Medan, PAB---
Bertempat di Komplek Puri Zahara II Blok Q No. 27 Kel. Simpang Selayang, Kec. Medan Tuntungan, Tim Penyidik Kejaksaan Negeri Medan melakukan penangkapan dan mengamankan satu orang laki laki berinisial “S” selaku mantan Kepala Unit PT.BRI Titipapan Cabang Iskandar Muda Medan dikarenakan yang bersangkutan tidak memenuhi panggilan tim penyidik untuk kepentingan pemeriksaan dalam perkara dugaan Tindak Pidana Korupsi Pengelolaan Realisasi Kredit Tidak Sesuai Ketentuan Pada Tahun 2021 s/d 2023 yang mengakibatkan kerugian keuangan negara sebesar Rp 1.365.000.000.- (satu miliar tiga ratus enam puluh lima juta rupiah).
Bani Imanuel Ginting, SH.,MH selaku PLH Kepala Kejaksaan Negeri Medan mengungkapkan, setelah yang bersangkutan ditangkap dan kita amankan, kemudian dibawa ke kantor Kejaksaan Negeri Medan untuk dilakukan pemeriksaan sebagai saksi dalam perkara tersebut, dan berdasarkan hasil pemeriksaan telah ditemukan dua alat bukti yang cukup tentang peran dan perbuatannya sehingga tim penyidik kemudian menetapkan sdr. S sebagai tersangka, ujar Bani Ginting.

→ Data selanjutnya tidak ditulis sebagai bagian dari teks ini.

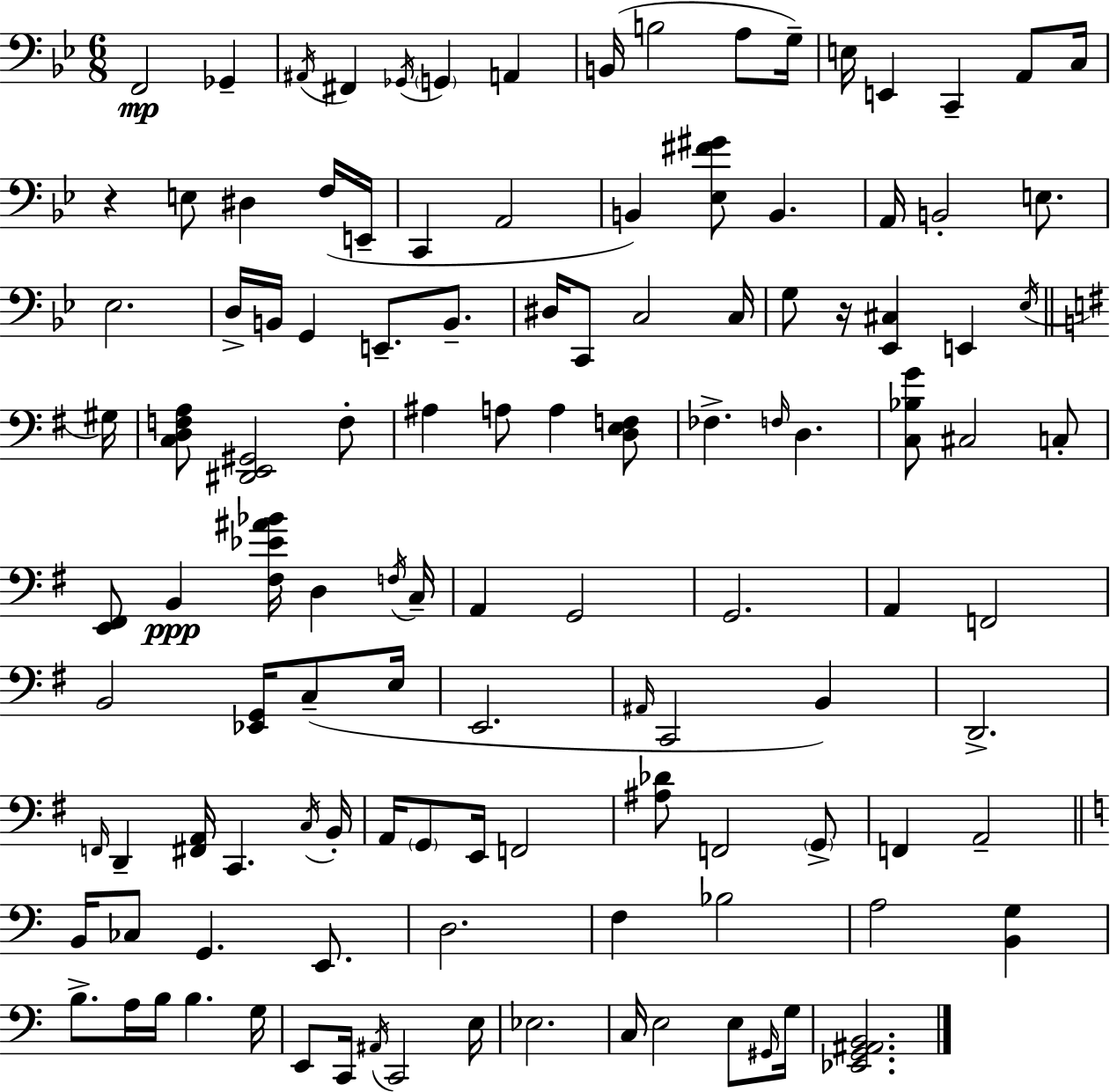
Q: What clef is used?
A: bass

Ditambahkan Bani, dari fakta hukum yang diperoleh tentang dugaan tindak pidana yang dilakukan oleh tersangka, kemudian penyidik menjerat tersangka dengan sangkaan melanggar pasal 603 Jo. Pasal 20 Undang-Undang Republik Indonesia No. 1 Tahun 2023 tentang Kitab Undang-Undang Hukum Pidana Jo Pasal 3 Jo. Pasal 18 Undang-Undang Nomor 20 Tahun 2001 tentang Perubahan atas Undang-Undang Nomor 31 Tahun 1999 Tentang Pemberantasan Tindak Pidana Korupsi Jo. Pasal 20 Jo. Pasal 618 Undang-Undang Republik Indonesia No. 1 Tahun 2023 tentang Kitab Undang-Undang Hukum Pidana, ujarnya.

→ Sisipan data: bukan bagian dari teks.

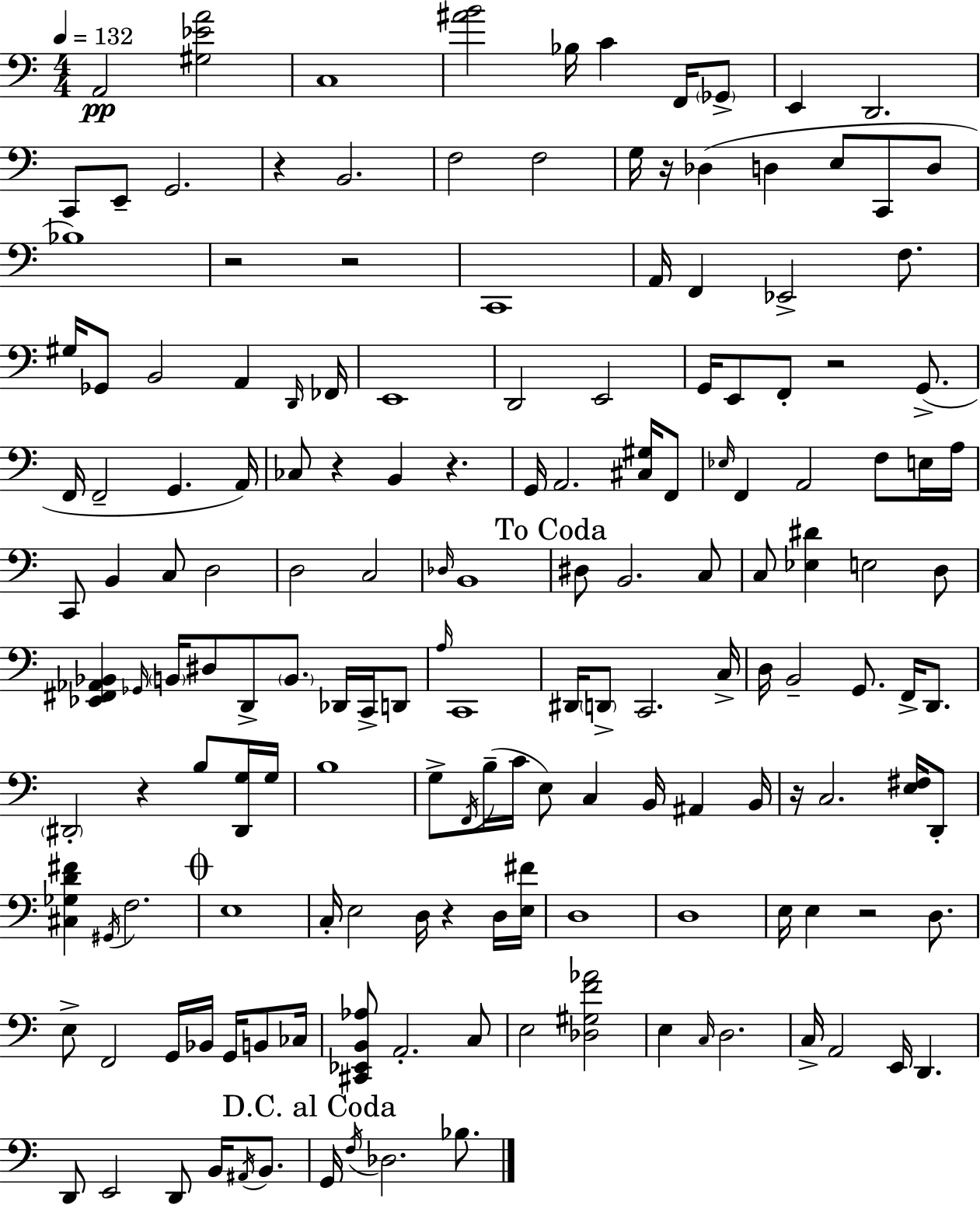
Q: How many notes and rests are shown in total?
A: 163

Koordinator Tindak Pidana Khusus Kejati Sumut ini juga menyampaikan kepada media bahwa penangkapan terhadap tersangka dilakukan setelah beberapa hari dilakukan pencarian dikarenakan yang bersangkutan tidak memenuhi panggilan secara patut yang dilayangkan, dan kemudian setelah melakukan pemeriksaan kesehatan kepada tersangka serta alasan subjektif, penyidik kemudian melakukan penahanan terhadap tersangka dengan surat perintah penahanan yang Nomor PRINT- / /Fd. /1/2026 tanggal 26 Januari 2026 dengan perintah melakukan penahanan untuk 20 (dua puluh) hari pertama di Rutan Kelas IA Tanjung Gusta Medan, tutup Bani Ginting.
*”Tentunya Tim penyidik menegaskan akan terus bekerja melakukan pendalaman dan jika ditemukan adanya keterlibatan orang atau pihak lain maka akan dilakukan tindakan hukum sebagaimana mestinya”,* kata Bani menegaskan.